Während die Vorbereitung auf die kommende Biathlon-Saison immer mehr Fahrt aufnimmt, wirft der italienische Skijäger Tommaso Giacomel bei einem anderen Sportevent einen Blick vorbei. Beim Radsport-Highlight Giro d'Italia nutzt der 26-Jährige die Gelegenheit für eine humorvolle Video-Botschaft an einen bisherigen Konkurrenten.

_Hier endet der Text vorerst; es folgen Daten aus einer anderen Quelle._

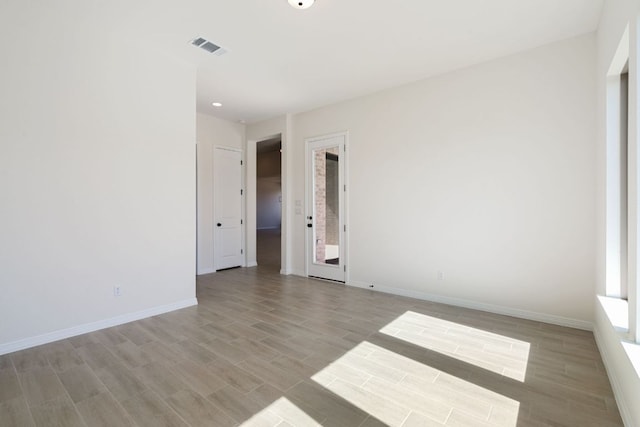 1832 Camay St, Leander, TX 78641 - spare room with light wood finished floors and recessed lighting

Am vergangenen Freitag musste Tommaso Giacomel in den Dolomiten an Emilien Jacquelin denken. Auf Einladung der Social-Media-Kanäle des Giro, die 19. Etappe zu kommentieren, sandte der Italiener eine Video-Botschaft an seinen französischen Rivalen und Freund, der aufgrund einer kürzlich erlittenen Schlüsselbeinverletzung fehlte.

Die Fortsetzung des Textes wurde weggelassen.